The second instance Wilson’s questionable invocation of Christendom came when he responded to Old Life about the comparison of the Religious Right to political Islam. His general point, that Christianity is true and Islam is false, works pretty well, though I’m not sure how the assertion of one’s faith as true over against other citizens who don’t believe your faith gets you a society with lots of protections for free speech and freedom of religion. Wilson seems to believe that Christian intolerance will yield civil liberties (and yet he seems to know where that position led in Europe when states balkanized according to their various Christian confessions and thus made Christendom impossible). And he ups the ante when he gets huffy about secular governments.

I know. Let’s worship the bitch goddess of neutrality. That fixes everything.

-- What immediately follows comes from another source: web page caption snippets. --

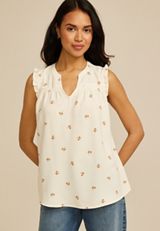 Floral Notched Neck Ruffle Tank Top, C4563, small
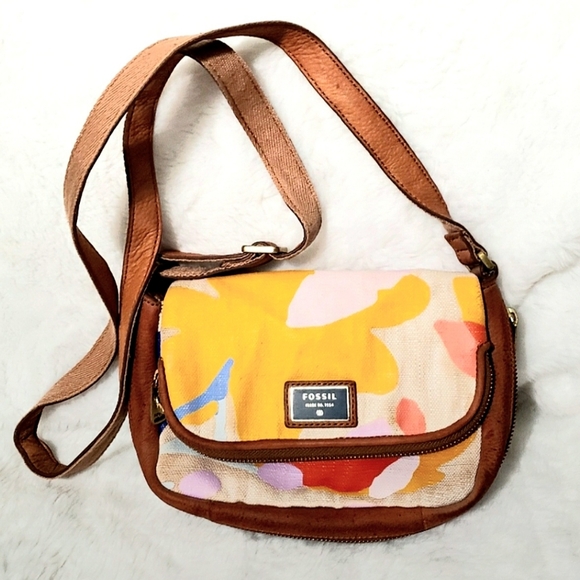 Fossil Preston Flapover Multicolor Floral Canvas Leather Trim Crossbody Bag - Picture 1 of 8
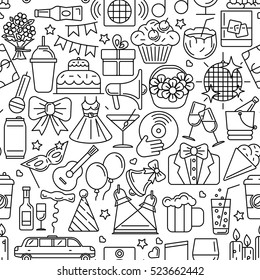 Seamless pattern composed of contour icons on a theme party.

I think.

Maybe his problem is thinking that we can “fix” anything this side of the new heavens and new earth. Two kingdom doesn’t pretend to solve anything. It does attempt to come to terms with a world where Christians live side by side with non-Christians. Mere Christendom won’t fix anything in this time between the comings of Christ. It either forces the removal of non-Christians (a la Christendom, which wasn’t all that great for Jews and Muslims, in case Doug didn’t notice) or it waters down Christianity for the sake of the political order. Two-kingdom theology differentiates the worlds of the church and politics so that the church can remain faithful and so that the state can provide some order for a people of diverse religions.

It sure seems that Wilson would be better off to own up to the end of Christendom and recalculate his cultural program along the biblical lines of pilgrimage and exile instead of trying to make this world and this age home to the eschaton.